LG: I noticed the Western journalist is wearing a Covid mask.
DS: When this happened, it was during Corona, and most of the Western countries were in lockdown. Us? We had so much more on our minds at that moment. But she removes the mask to talk to Mounia and doesn’t put it back on for the rest of the movie. I want to make it explicit that I’m not trying to demonise Westerners. I recognise that they have their own experiences. But the young people in Lebanon were angry, and sometimes that anger gets directed at the wrong people.
LG: Is Mounia’s character a mouthpiece for you?
DS: When I wrote it, I thought of her not as a mouthpiece for a generation, but I thought she might be like me, and some other young people, who are caught in this orbit of leaving and staying in Lebanon. A lot of people experience that. Are you going to stay and try and break the cycle of tragedy in your country, because your country needs you, or are you going to leave to make a life out of yourself, and not allow yourself to be tied to a whole country’s trauma? A lot of us ask ourselves this country. We’re very attached to our country. We’re very rooted people.
LG: But there’s that yearning to give yourself permission to be selfish?
DS: Exactly. But leaving the people who can’t leave…you feel like you’re doing this for everyone. I have a childhood best friend who has never had the opportunity to travel. He has only ever known Lebanon. I wonder if he had the opportunity to leave, if he would. Maybe it’s selfish for me to stay when I have the opportunity to leave.
LG: What do they think of those, like you, who have left Lebanon to study or work?
DS: Sometimes they dismiss our pain. Some people think that we only come back during the Summer, we have fun, and leave and forget about everything going on back home. That, of course, isn’t true, but it gives you a lot of survivor’s guilt. But right now, I only want to make my movies in Lebanon, in Beirut. It’s where I feel like my voice belongs. Lebanese cinema needs our voices.
LG: That shows you haven’t made a selfish choice by coming here to London.
DS: In Lebanon, I’m in survival mode. How can you create if you’re only focused on surviving? I didn’t truly process the 4th August until the 6th October, when I returned to London. At the same time, during those two months in Lebanon, I never felt closer to my friends and family. There was a lot of laughter, still. Lebanon is a beautiful place, despite all the tragedies. It’s a place of community, and I wanted my film to reflect that.

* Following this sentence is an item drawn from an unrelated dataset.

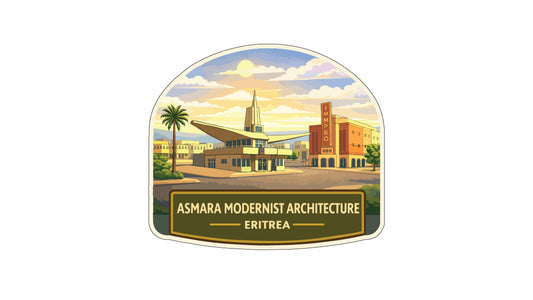a stylized illustration of a modern architectural building with a palm tree in the foreground, set against a backdrop of a cloudy sky.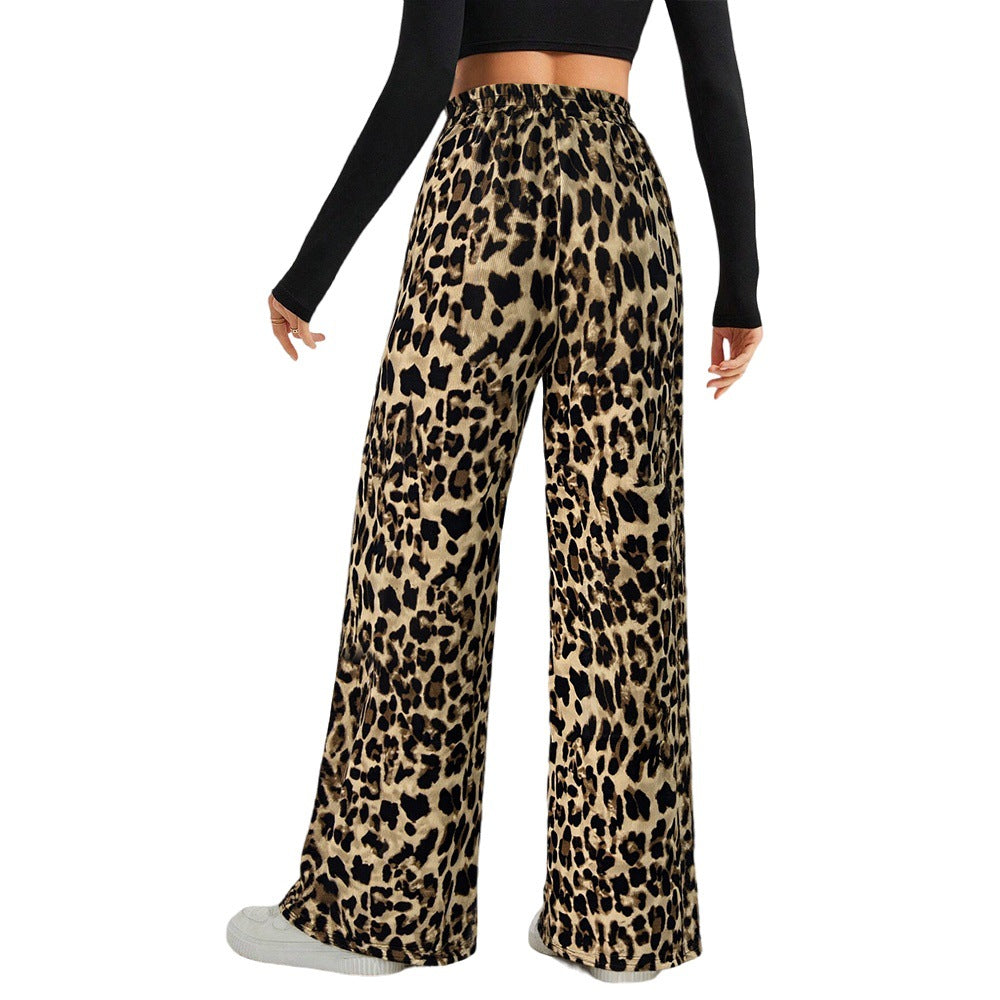 Pantalons palazzo larges pour femmes avec imprimé animal et ceinture élastique confortable Levoire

LG: What did making this film offer you on a personal level?
DS: Because history hasn’t been written in a unified way in Lebanon, all Lebanese movies re-write history from a personal level, from a humanistic point-of-view, not necessarily a political one. Lebanese cinema is proof of our existence. To make Lebanese films is a statement in itself. Our world is unexpected, we don’t know what we’ll wake up to, we don’t know who we’re going to lose, we don’t know what the future holds for us, but our cinema is proof that we won’t be silenced by our harsh reality.